This is the mail archive of the
gcc-patches@gcc.gnu.org
mailing list for the GCC project.
Re: [PATCH, rs6000] Add expansions for min/max vector reductions
- From: Richard Biener <rguenther at suse dot de>
- To: Segher Boessenkool <segher at kernel dot crashing dot org>
- Cc: Bill Schmidt <wschmidt at linux dot vnet dot ibm dot com>, Alan Lawrence <alan dot lawrence at arm dot com>, "gcc-patches at gcc dot gnu dot org" <gcc-patches at gcc dot gnu dot org>, "dje dot gcc at gmail dot com" <dje dot gcc at gmail dot com>, Alan Hayward <Alan dot Hayward at arm dot com>, "ramana dot gcc at googlemail dot com" <ramana dot gcc at googlemail dot com>
- Date: Fri, 18 Sep 2015 10:38:58 +0200 (CEST)

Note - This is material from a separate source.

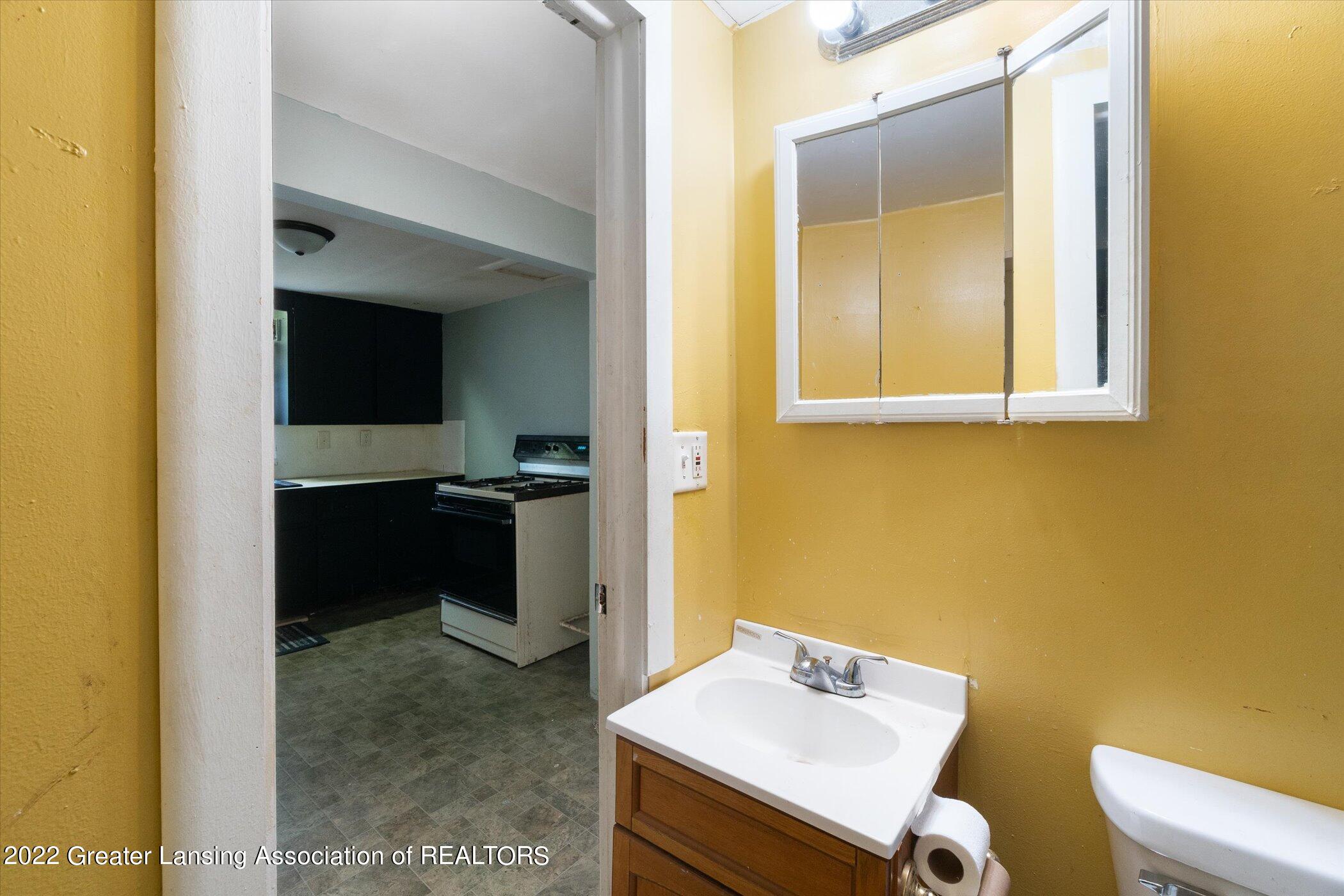 5439 Hughes Road Lansing, MI 48911 - Photo 7 of 10 09-5439-Hughes-Rd-WindowStill-Real-Estat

- Subject: Re: [PATCH, rs6000] Add expansions for min/max vector reductions
- Authentication-results: sourceware.org; auth=none
- References: <1442413689 dot 2896 dot 45 dot camel at gnopaine> <55F98AD2 dot 4080408 at arm dot com> <1442419857 dot 10907 dot 0 dot camel at gnopaine> <55F9A0D8 dot 3020900 at arm dot com> <alpine dot LSU dot 2 dot 11 dot 1509170933050 dot 24931 at zhemvz dot fhfr dot qr> <1442499522 dot 10907 dot 25 dot camel at gnopaine> <20150917161752 dot GD2613 at gate dot crashing dot org>
On Thu, 17 Sep 2015, Segher Boessenkool wrote:
> On Thu, Sep 17, 2015 at 09:18:42AM -0500, Bill Schmidt wrote:
> > On Thu, 2015-09-17 at 09:39 +0200, Richard Biener wrote:
> > > So just to clarify - you need to reduce the vector with max to a scalar
> > > but want the (same) result in all vector elements?
> >
> > Yes. Alan Hayward's cond-reduction patch is set up to perform a
> > reduction to scalar, followed by a scalar broadcast to get the value
> > into all positions. It happens that our most efficient expansion to
> > reduce to scalar will naturally produce the value in all positions.
>
> It also is many insns after expand, so relying on combine to combine
> all that plus the following splat (as Richard suggests below) is not
> really going to work.
>
> If there also are targets where the _scal version is cheaper, maybe
> we should keep both, and have expand expand to whatever the target
> supports?
Wait .. so you don't actually have an instruction to do, say,
REDUC_MAX_EXPR (neither to scalar nor to vector)? Then it's better
to _not_ define such pattern and let the vectorizer generate
its fallback code. If the fallback code isn't "best" then better
think of a way to make it choose the best variant out of its
available ones (and maybe add another). I think it tests
availability of the building blocks for the variants and simply
picks the first that works without checking the cost model.
Richard.
>
> Segher
>
>
--
Richard Biener <rguenther@suse.de>
SUSE LINUX GmbH, GF: Felix Imendoerffer, Jane Smithard, Graham Norton, HRB 21284 (AG Nuernberg)